Everything we’ve done in this chapter comes down to this: We saw that we can feed some input through arbitrarily complex real-valued circuit, tug at the end of the circuit with some force, and backpropagation distributes that tug through the entire circuit all the way back to the inputs. If the inputs respond slightly along the final direction of their tug, the circuit will “give” a bit along the original pull direction.

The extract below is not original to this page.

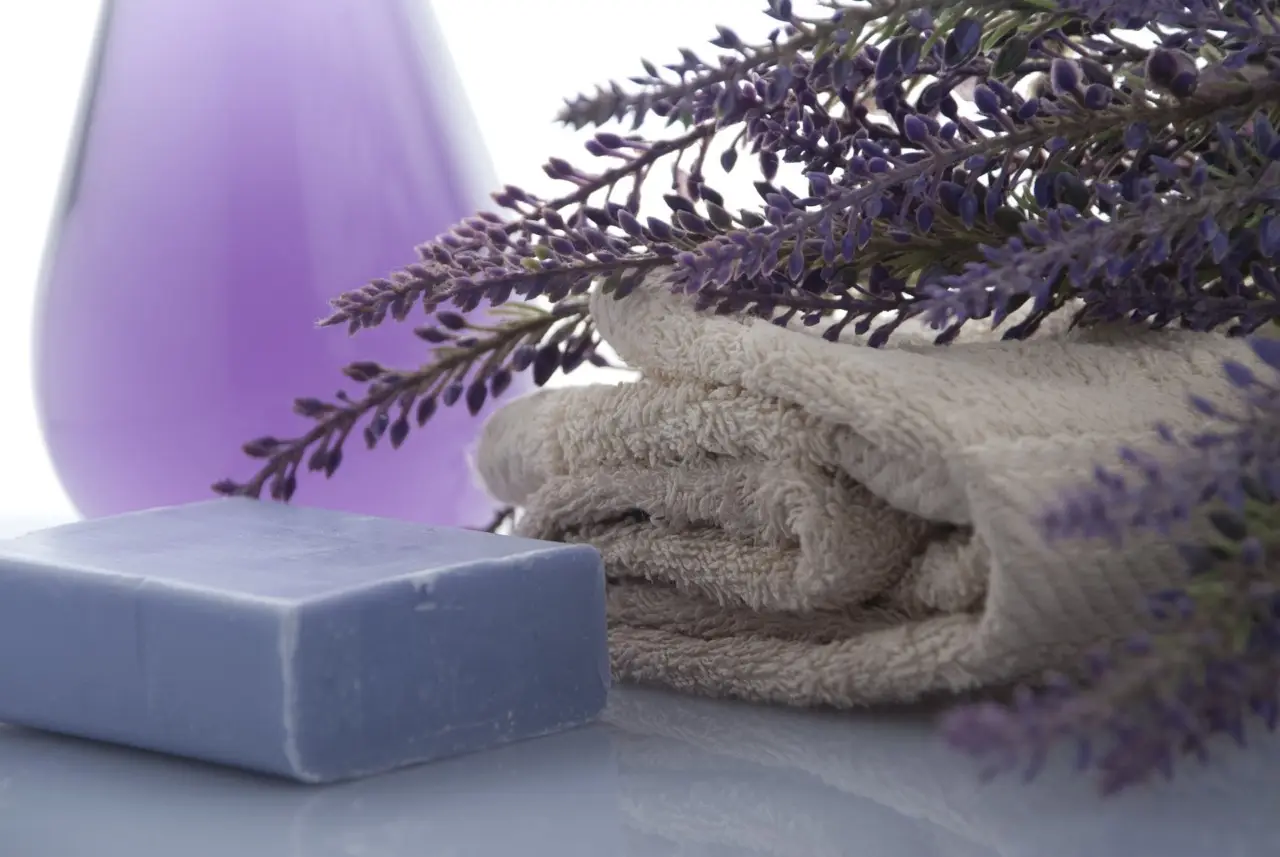 Ecco il metodo naturale per avere un bagno sempre profumato anche senza diffusori: il consiglio degli hotel di lusso Ecco il metodo naturale per avere un bagno sempre profumato anche senza diffusori: il consiglio degli hotel di lusso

Maybe this is not immediately obvious, but this machinery is a powerful hammer for Machine Learning.

# Machine Learning

## SVM

In [None]:

class Circuit():
    
    self.mulg0 = multiplyGate()
    self.mulg1 = multiplyGate()
    self.addg0 = addGate()
    self.addg1 = addGate()
    
    def forward(self,x,y,a,b,c):
        self.ax = self.mulg0.forward(a,x)
        self.by = self.mulg1.forward(b,y)
        self.axpby = self.addg0.forward(self.ax,self.by)
        self.axpbypc = self.addg1.forward(self.axpby,c)
        
        return self.axpbypc
    
    def backward(gradient_top):
        self.axpbyc.grad = gradient_top
        self.addg1.backward()
        self.addg0.backward()
        self.mulg1.backward()
        self.mulg0.backward()

In [None]:
#SVM class

class SVM():
    
    self.a = Unit(1.0,0.0)
    self.b = Unit(-2.0,0.0)
    self.c = Unit(-1.0,0.0)
    
    self.circuit = Circuit()
    
    def forward(self,x,y):
        self.unit_out = self.circuit.forward(x,y,self.a,self.b,self.c)
        return self.unit_out
    
    def backward(label):
        
        self.a.grad = 0
        self.b.grad = 0
        self.c.grad = 0
        
        pull = 0.0
        if(label == 1 && self.unit_out.value < 1):
            pull = 1
        if(label == -1 && self.unit_out.value > -1):
            pull = -1
            
        self.circuit.backward(pull)
        
        self.a.grad += - self.a.value
        self.b.grad += - self.b.value
        
        def learnFrom(x,y,label):
            self.forward(x,y)
            self.backward(label)
            self.parameterUpdate()